- Abode: Tartarus
- Battles: Titanomachy

Genealogy
- Parents: Uranus and Gaia
- Siblings: Titans Coeus ; Crius ; Cronus ; Hyperion ; Oceanus ; Mnemosyne ; Phoebe ; Rhea ; Tethys ; Theia ; Themis ; Hekatonkheires Briareos ; Cottus ; Gyges ; Cyclopes Arges ; Brontes ; Steropes ; Other siblings Gigantes ; Erinyes (the Furies) ; Meliae ;
- Consort: Asia or Clymene
- Offspring: Atlas, Prometheus, Epimetheus, Menoetius, Anchiale, Buphagus

= Iapetus =

Titan in Greek mythology

In Greek mythology, Iapetus or Iapetos (/aɪˈæpɪtəs/; eye-AP-ih-təs; Ἰαπετός), also Japetus or Japetos, was one of the Titans, the son of Uranus (Sky) and Gaia (Earth) and father of Atlas, Prometheus, Epimetheus, and Menoetius. He was also called the father of Buphagus and Anchiale in other sources.

Iapetus was linked to Japheth (יֶפֶת), one of the sons of Noah and a progenitor of mankind in biblical accounts. The practice by early historians and biblical scholars of identifying various historical nations and ethnic groups as descendants of Japheth, together with the similarity of their names, led to a fusion of their identities, from the early modern period to the present.

== Mythology ==
Iapetus is the one Titan mentioned by Homer in the Iliad as being in Tartarus with Cronus. He is a brother of Cronus, who ruled the world during the Golden Age but is now locked up in Tartarus along with Iapetus.

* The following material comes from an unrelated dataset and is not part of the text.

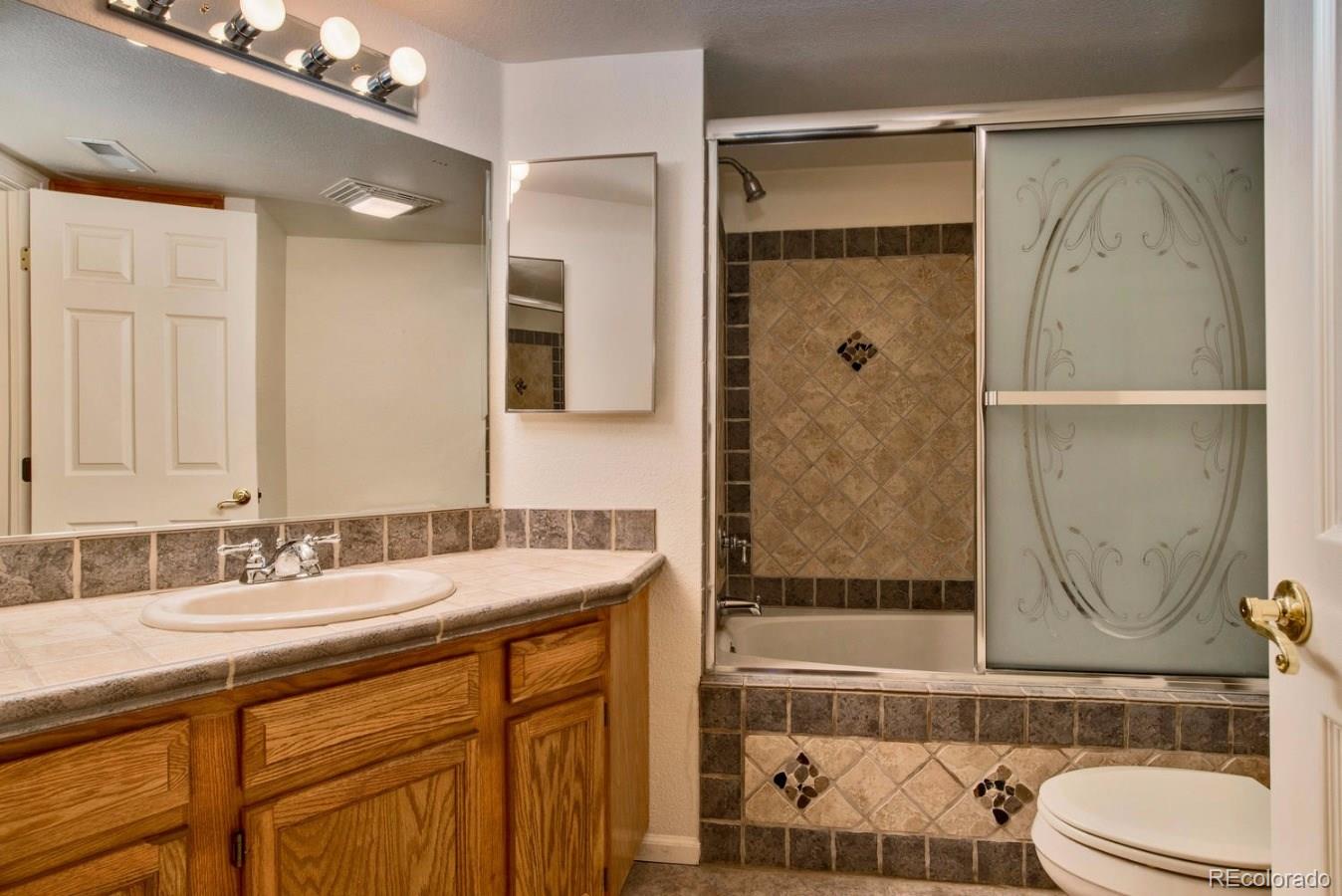1757 Spring Water Place Highlands Ranch, CO 80129 - Photo 26 of 34 a bathroom with a sink and a mirror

Iapetus's wife is usually described as a daughter of Oceanus and Tethys named either Clymene (according to Hesiod and Hyginus) or Asia (according to Apollodorus).

In Hesiod's Works and Days, Prometheus is addressed as "son of Iapetus", and no mother is named. However, in Hesiod's Theogony, Clymene is listed as Iapetus's wife and the mother of Prometheus. In Aeschylus's play Prometheus Bound, Prometheus is son of the goddess Themis with no father named (but still with at least Atlas as a brother). However, in Horace's Odes, in Ode 1.3 Horace writes "audax Iapeti genus ... Ignem fraude mala gentibus intulit" ("The bold offspring of Iapetus [i.e. Prometheus] ... brought fire to peoples by wicked deceit").

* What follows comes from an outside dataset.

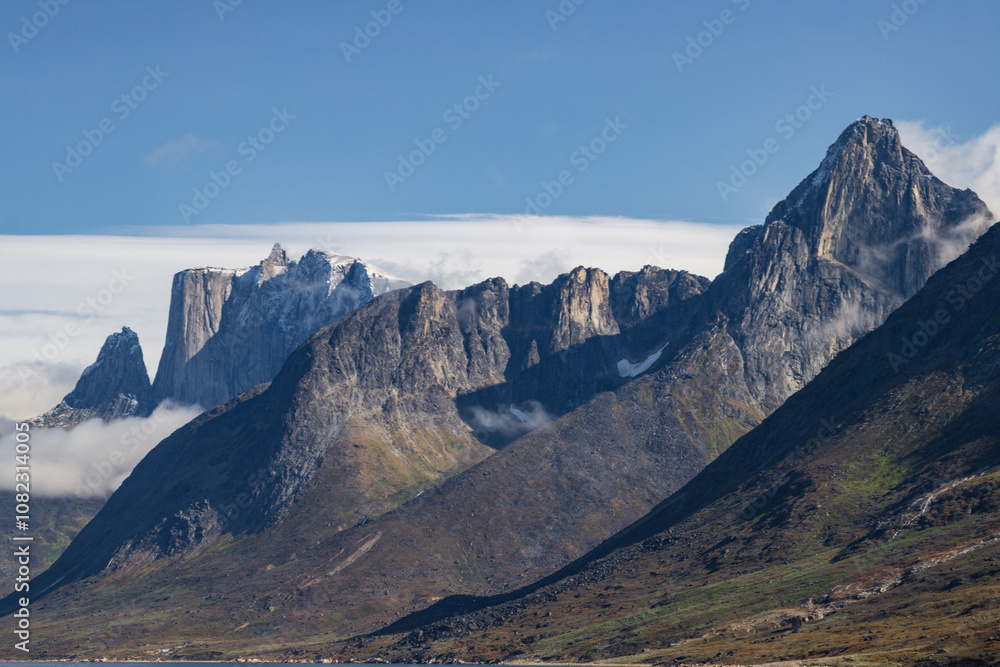 View of Ulamertorsuaq mountain and the view of surrounding mountains and glaciers in Tasermiut fjord (South Greenland) View of Ulamertorsuaq mountain and the view of surrounding mountains and glaciers in Tasermiut fjord (South Greenland)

Hesiod and other Greek scholars regarded the sons of Iapetus as mankind's ancestors and as such, some of humanity's worst qualities were said to have been inherited from these four gods, each of whom was punished by Zeus for a particular moral fault. "High-towering Menoetius, the embodiment of arrogance, insolence and overweening pride, he hurls to the nethermost of Tartarus. Prometheus, who uses his high intelligence for purposes of deception, he makes the victim of an ever growing conscience symbolized by the onsets of a voracious vulture. To Epimetheus, the personification of stupidity that refuses to be instructed, he presents all the ills of Pandora's box. To Atlas, patient, enduring Atlas who is devoid of self-assertion, he assigns the task of holding up the heavens, on the outskirts of the world, -- the zero of occupations."

Iapetus as the progenitor of mankind has been equated with Japheth (יֶפֶת), the son of Noah, based on the similarity of their names and the tradition, reported by Josephus (Antiquities of the Jews), which made Japheth the ancestor of the "Japhetites", i.e. the peoples of Europe. Iapetus has been linked to Japheth by John Pairman Brown and Bruce Louden.